The boys’ well-to-do parents (the father is director of the Deutsche Bank) use all their influence to portray the accused as a sexually depraved criminal, a danger to society. The court has its own views and sentences Dippold to eight years’ imprisonment. Court observers and the general public are outraged by the apparently lenient sentence. The trial and its outcome spark a lively debate in the German press, with well-known writers and journalists joining the fray.

Michael Hagner tells the story of the tutor, the boys and their parents leading up to the trial, drawing on contemporary sources and the court proceedings. He then analyses the legal, medical and media practices of the time, which construed the complex events as a model »case« only partly based on the facts. The scandal was hotly debated in pedagogy, criminology, psychiatry and the sexual sciences, and eventually the term »dippoldism« entered the textbooks as a classic example of educatory sadism.

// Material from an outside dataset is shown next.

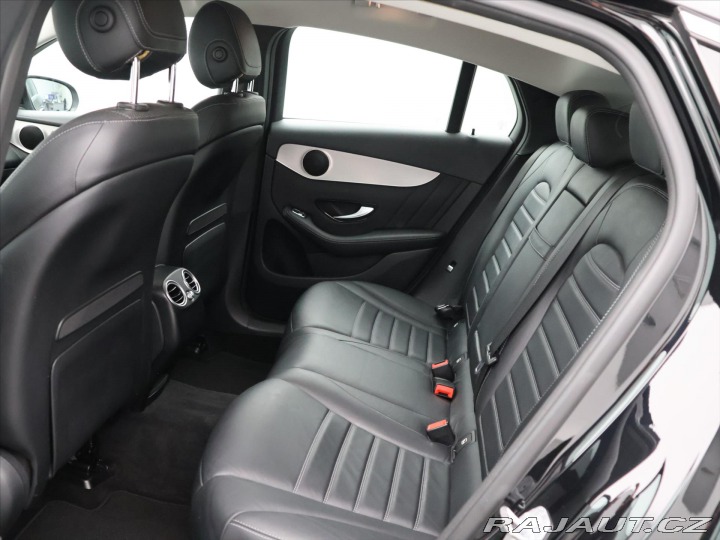 Mercedes-Benz GLC 2,1 250d 150 kw 4MATIC CZ 2018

In a style that confidently bridges the gap between storytelling and academic writing, Hagner paints a disturbing picture of the rigidity of child-rearing at the time; of educated Germans’ attitudes to pedagogy and education, sexuality and punishment, normality and perversion; and not least of the human sciences, which played a more obfuscating than enlightening role in the whole affair. A shocking and uncomfortable story. A history lesson that still resonates today.